[ACTIVITY]:
Using the listing below, please print exactly the lines from the one with "Background Abstract Texture" through the one with "Image 1 of PLUMETIS". Leave out every picture.

[DATA TO PROCESS]:
::::

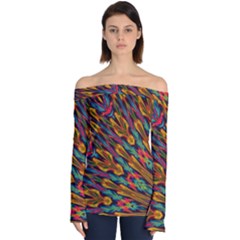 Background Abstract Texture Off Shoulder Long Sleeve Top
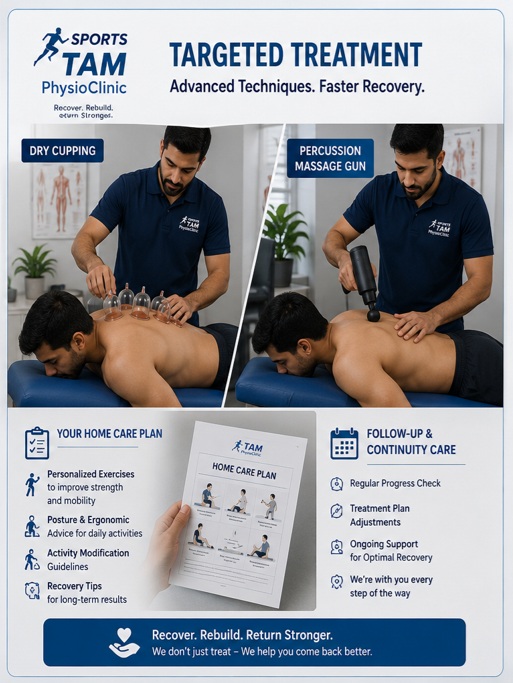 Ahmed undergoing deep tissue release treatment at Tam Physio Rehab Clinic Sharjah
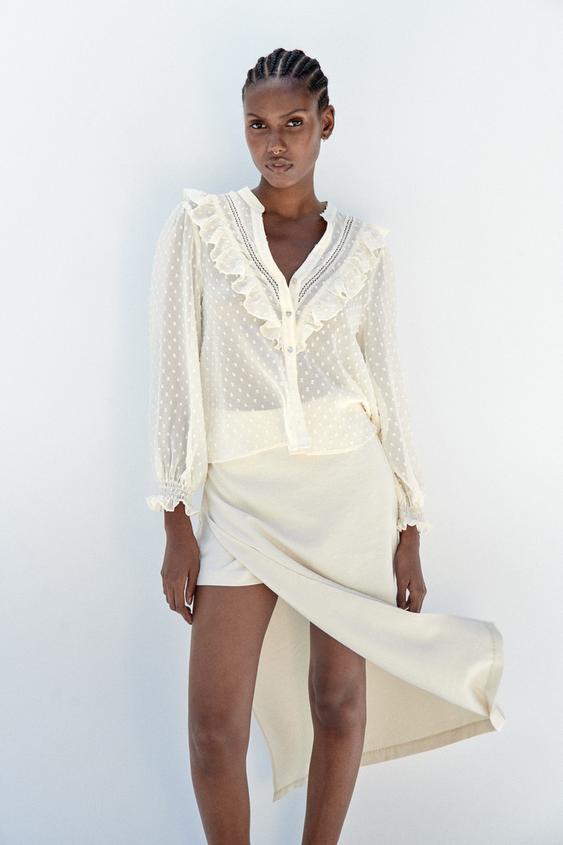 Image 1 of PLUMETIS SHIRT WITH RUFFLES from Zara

::::

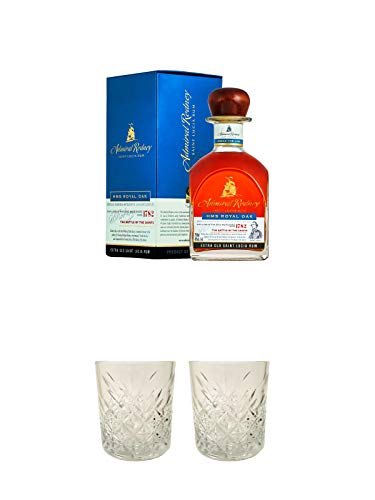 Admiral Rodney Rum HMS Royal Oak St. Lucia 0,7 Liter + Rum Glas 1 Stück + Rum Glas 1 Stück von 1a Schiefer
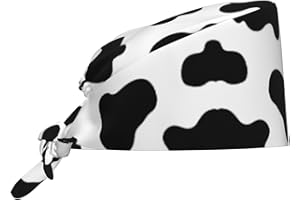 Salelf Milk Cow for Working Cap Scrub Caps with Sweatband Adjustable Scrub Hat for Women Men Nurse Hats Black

::::

[SOLUTION TO THE PROBLEM]:
 Background Abstract Texture Off Shoulder Long Sleeve Top
 Ahmed undergoing deep tissue release treatment at Tam Physio Rehab Clinic Sharjah
 Image 1 of PLUMETIS SHIRT WITH RUFFLES from Zara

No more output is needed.